Click here for the rest.

So much for democracy in Iraq.

And from CNN, more foreshadowing of what lies ahead for Iraqi freedom:

Iraq shuts Al-Jazeera's Baghdad office

Iraq's interim government has closed the Baghdad office of the Qatar-based Al-Jazeera television network for one month, citing national security concerns.

"This decision was taken to protect the people of Iraq and the interests of Iraq," Interim Prime Minister Ayad Allawi's told a news conference Saturday.

Allawi said the order to close Al-Jazeera, which was to take effect immediately, came after an independent commission monitored the network's reports.

The findings of the commission were "compelling," he said.

And

"They have been showing a lot of crime and criminals on TV. They transferred a bad picture about Iraq and about Iraqis. They have encouraged the criminals and the gangsters to increase their activities in the country," al-Naqib said.

Click here for the rest.

Say what you want about Al-Jazeera's reporting: they are a legitimate news organization, and this censorship is ominous; reading between the lines, it is clear that the puppet regime simply doesn't like the positive coverage the insurgents are getting.

There were no WMDs in Iraq.

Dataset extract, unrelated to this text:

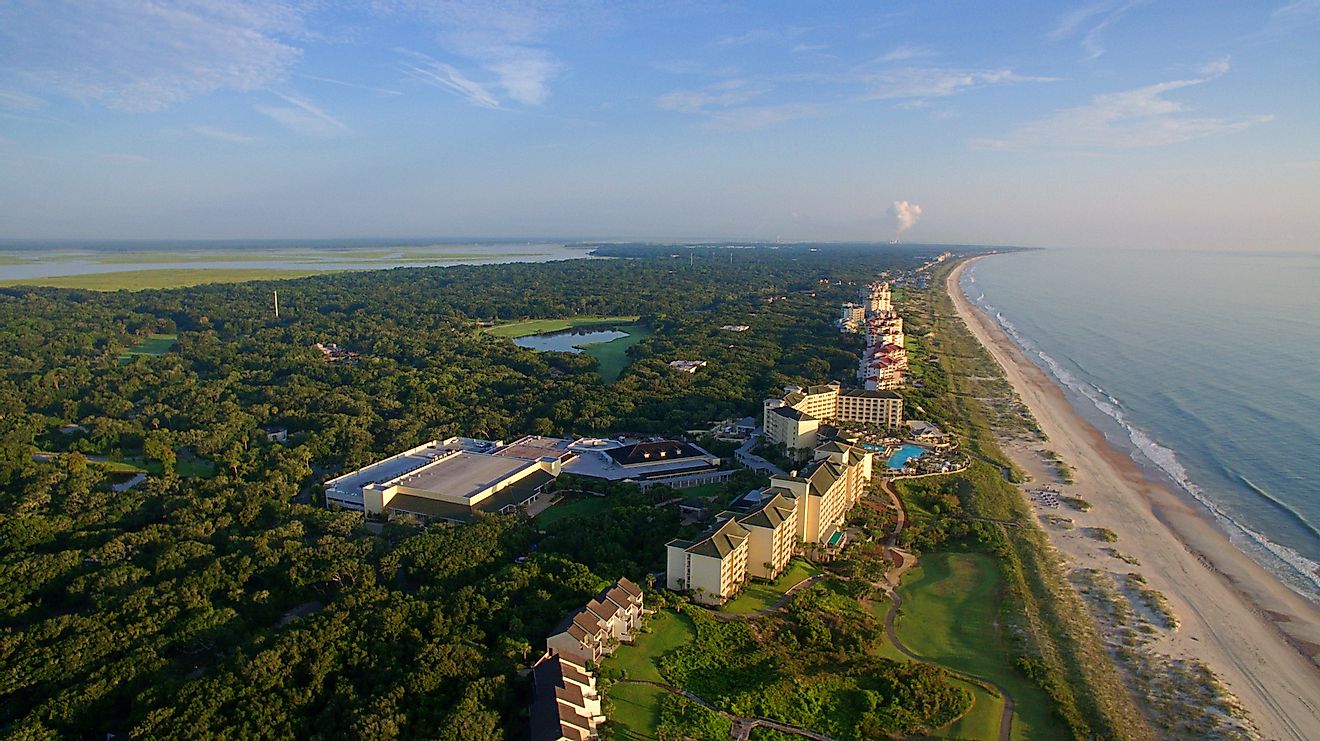 Aerial view of Amelia Island. Editorial credit: Terrance Scarborough / Shutterstock.com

There was no connection with al-Qaeda. There will be no democracy or freedom for Iraqis. On the contrary, it now appears that the US has established a brutal dictatorship that only differs from Saddam Hussein's in that it collaborates with the United States. Every rationale advanced by the Bush administration for the invasion now lies in tatters. We've done much more harm than good.

Iraq is looking more and more like El Salvador every day.